Your assignment =>
Print, word for word, the opening line of the data below and every line after it through the line that contains "Sparaxis grandiflora", but not the pictures.

Short text fragments from websites:
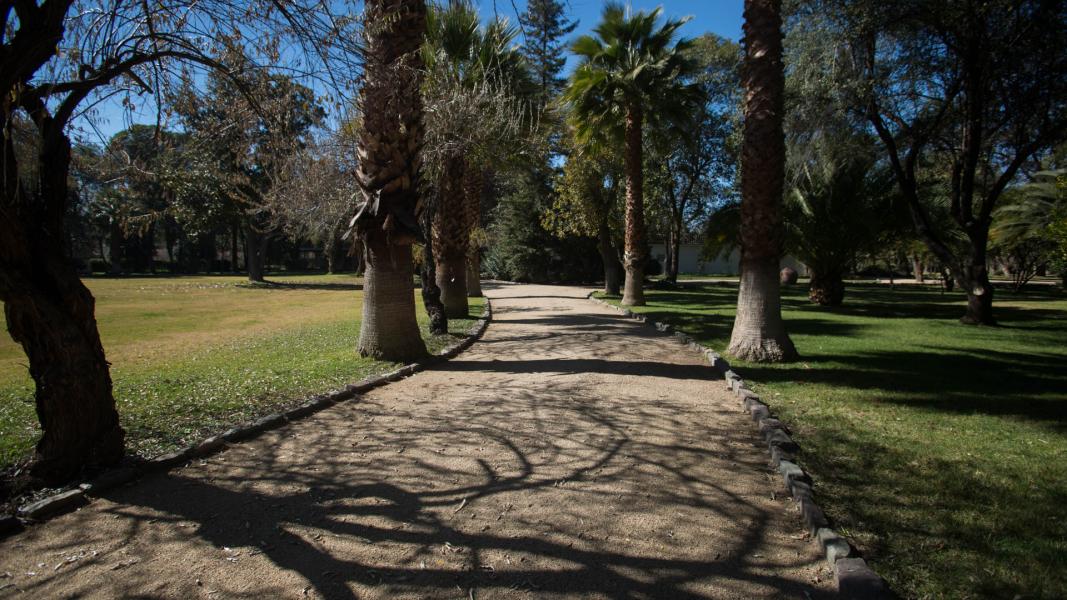 Imagen del monumento Instalaciones agrícolas y Parque de la ex hacienda San Vicente Ferrer
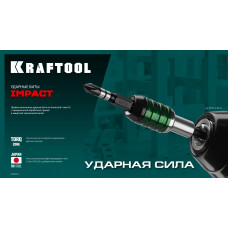 Бита PZ2*50мм, магнитная, тип хвостовика E 1/4″, сталь S3, ударная, Крафтул, Kraftool Impact Pro 26193-2-50-S10 Бита PZ2*50мм, магнитная, тип хвостовика E 1/4″, сталь S3, ударная, Крафтул, Kraftool Impact Pro 26193-2-50-S10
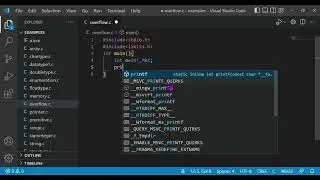 int overflow in C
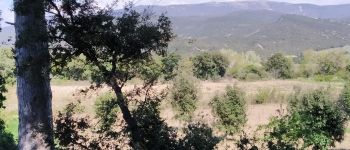 Point d'intérêt Taulignan - la lance dans le dos - Photo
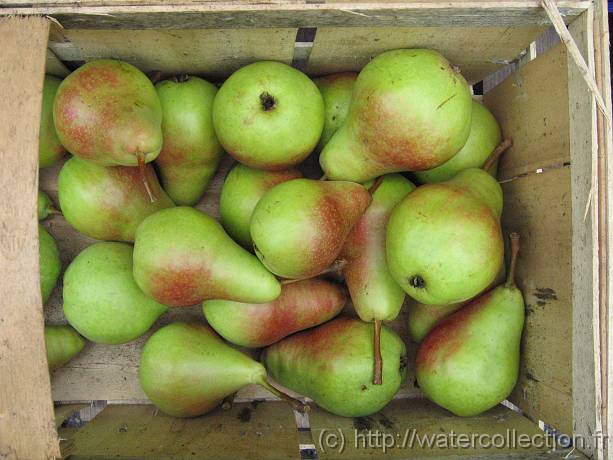 2006-08-08_10-56-17_aout_37,6mm_1_500_eme_Canon 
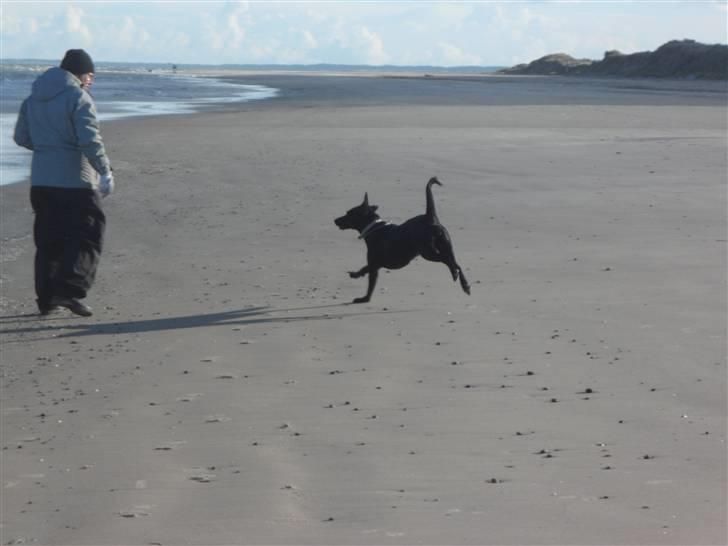 Labrador retriever Trille - tak for i så med billede 12
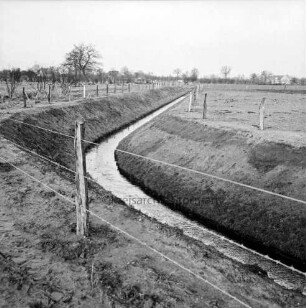 Tremsbüttel-Dorf: Grootbek: Regulierung: Einmündung Lottbek: vorn Weidezaun: im Hintergrund Baum- und Gehölzreihe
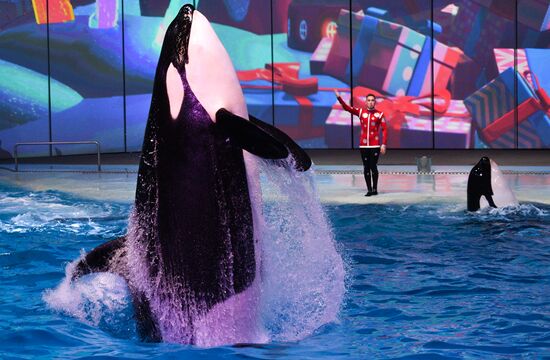 "The Lost World" New Year show
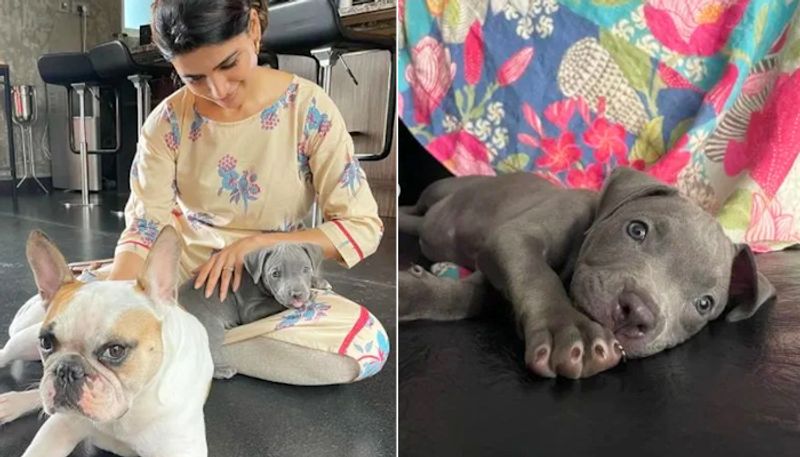 is samantha trying out from depression by spending time with her pets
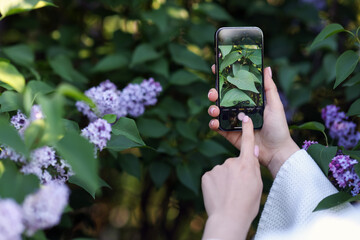 Woman using plant recognition application on smartphone outdoors, closeup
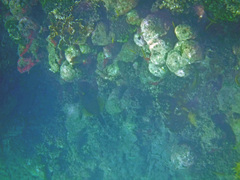 Cantherhines macrocerus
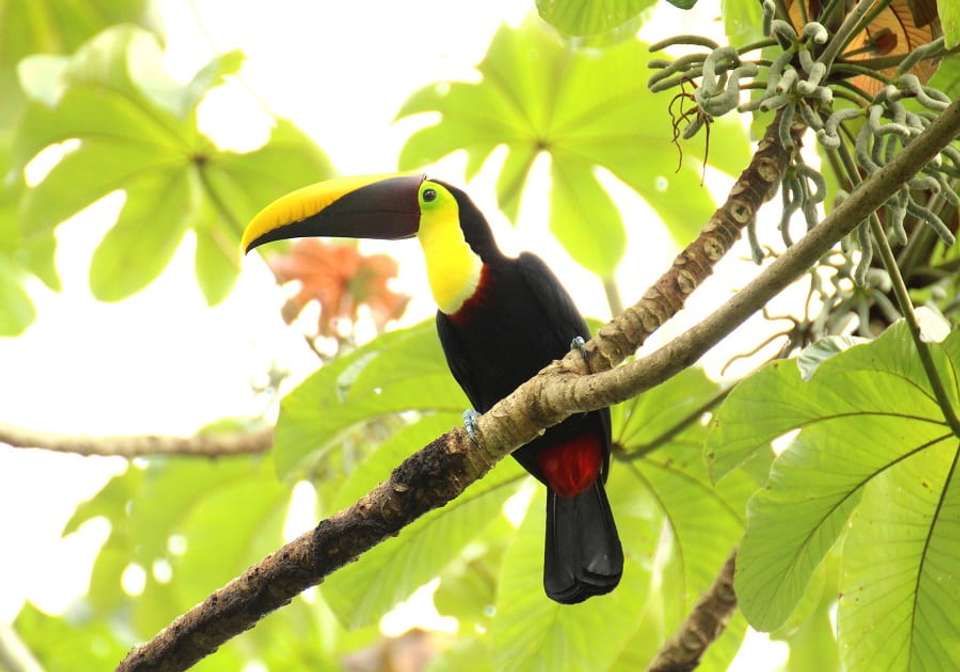 Colorful Costa Rica - Indus Travels - Costa Rica - Image 7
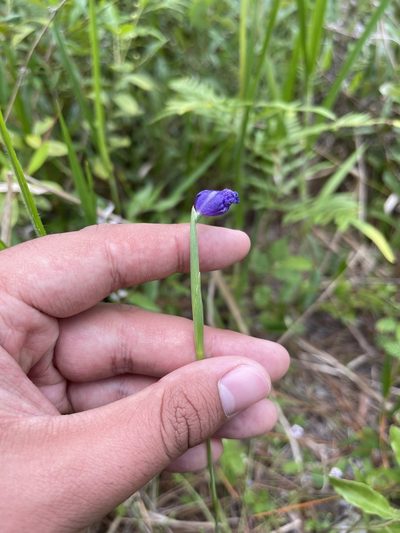 Salpingostylis caelestina, photographed by Brandon Corder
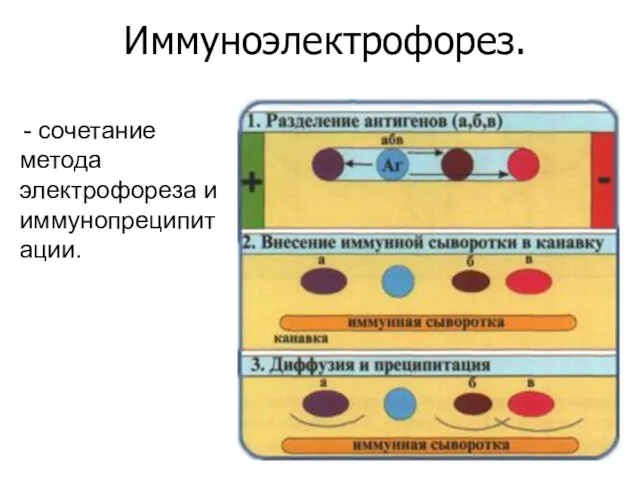 Иммуноэлектрофорез. - сочетание метода электрофореза и иммунопреципитации.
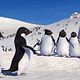 Photo Christophe L - FILM - Happy Feet : 52416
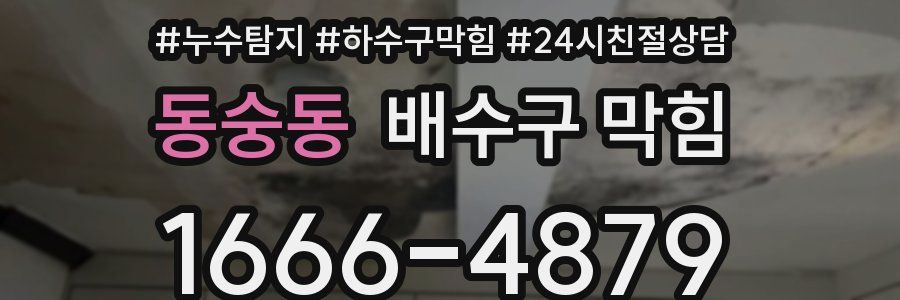 동숭동 배수구 막힘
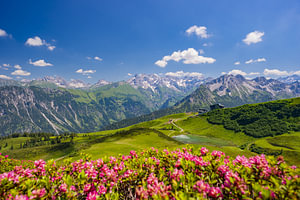 Alpenrosenblüte am Fellhorn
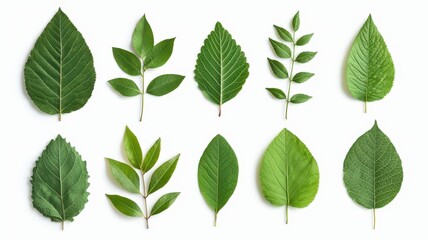 A beautiful collection of soft green leaves from various trees, meticulously arranged and isolated on a clean white background.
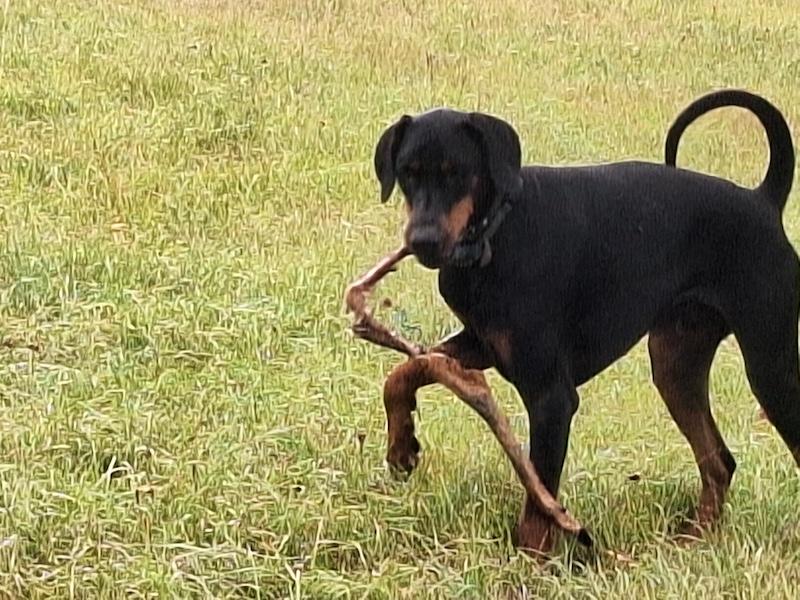 Rangoon uploaded   184  day/s  ago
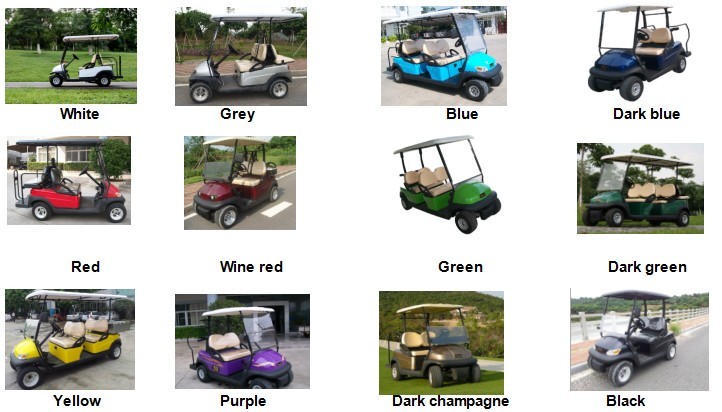 Multipurpose 4 Passenger Club Car Electric Golf Buggy With Rear PP Plastic Cargo Box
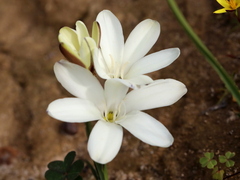 Sparaxis grandiflora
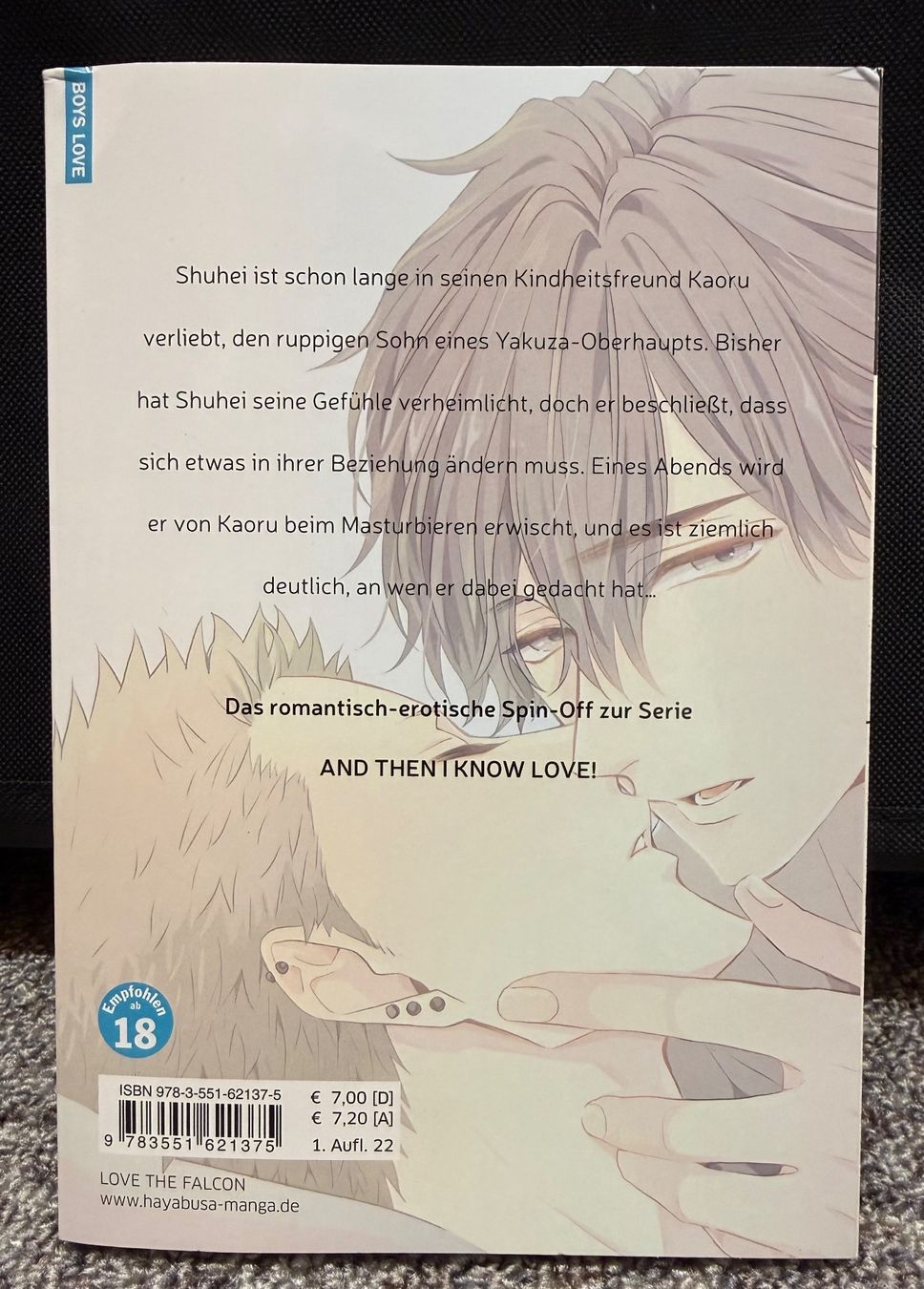 Fumetti: BL Manga: And until I touch you – Nuovo (secondo la descrizione) da Triesen venduto da cla_q2js 1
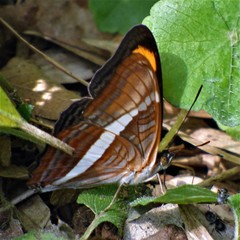 Adelpha calliphane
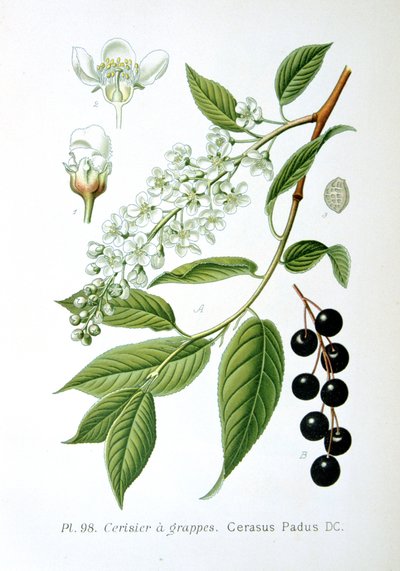 Lintukirsikka, 1893 tekijältä Unbekannt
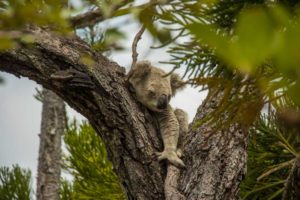 det bedste sted at spotte vilde koalaer i Australien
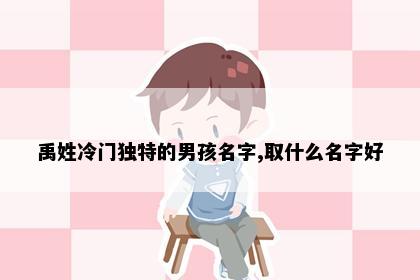 禹姓冷门独特的男孩名字,取什么名字好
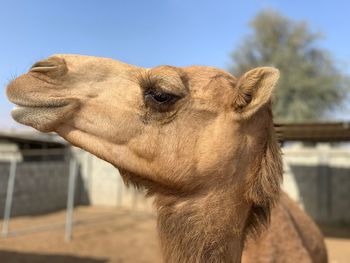 Close-up of a camel against the sky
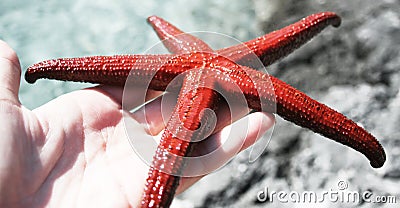 Sea star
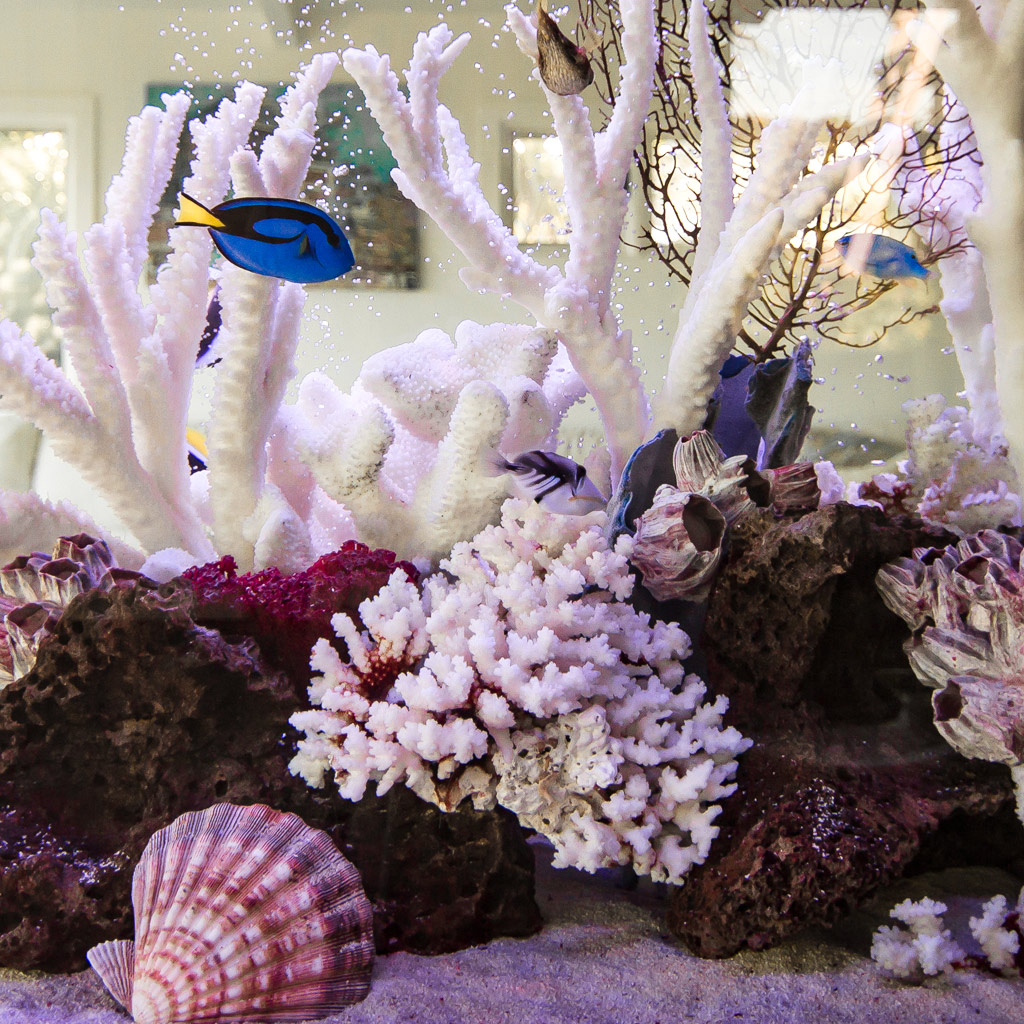 Types of Aquariums Features and Benefits Infinity Aquarium Design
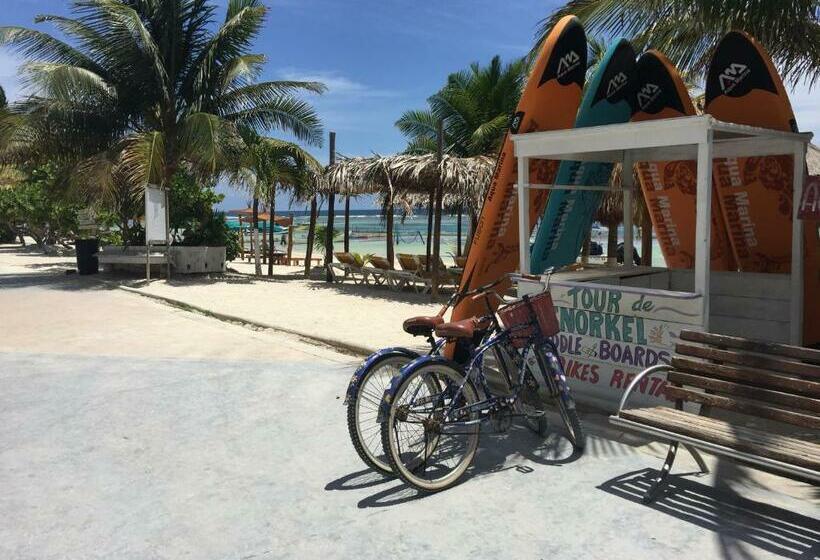 スタンダードルーム, Blue Reef Frente Al Mar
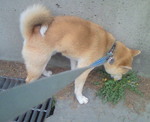201004200624000.jpg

Task response =>
 Imagen del monumento Instalaciones agrícolas y Parque de la ex hacienda San Vicente Ferrer
 Бита PZ2*50мм, магнитная, тип хвостовика E 1/4″, сталь S3, ударная, Крафтул, Kraftool Impact Pro 26193-2-50-S10 Бита PZ2*50мм, магнитная, тип хвостовика E 1/4″, сталь S3, ударная, Крафтул, Kraftool Impact Pro 26193-2-50-S10
 int overflow in C
 Point d'intérêt Taulignan - la lance dans le dos - Photo
 2006-08-08_10-56-17_aout_37,6mm_1_500_eme_Canon 
 Labrador retriever Trille - tak for i så med billede 12
 Tremsbüttel-Dorf: Grootbek: Regulierung: Einmündung Lottbek: vorn Weidezaun: im Hintergrund Baum- und Gehölzreihe
 "The Lost World" New Year show
 is samantha trying out from depression by spending time with her pets
 Woman using plant recognition application on smartphone outdoors, closeup
 Cantherhines macrocerus
 Colorful Costa Rica - Indus Travels - Costa Rica - Image 7
 Salpingostylis caelestina, photographed by Brandon Corder
 Иммуноэлектрофорез. - сочетание метода электрофореза и иммунопреципитации.
 Photo Christophe L - FILM - Happy Feet : 52416
 동숭동 배수구 막힘
 Alpenrosenblüte am Fellhorn
 A beautiful collection of soft green leaves from various trees, meticulously arranged and isolated on a clean white background.
 Rangoon uploaded   184  day/s  ago
 Multipurpose 4 Passenger Club Car Electric Golf Buggy With Rear PP Plastic Cargo Box
 Sparaxis grandiflora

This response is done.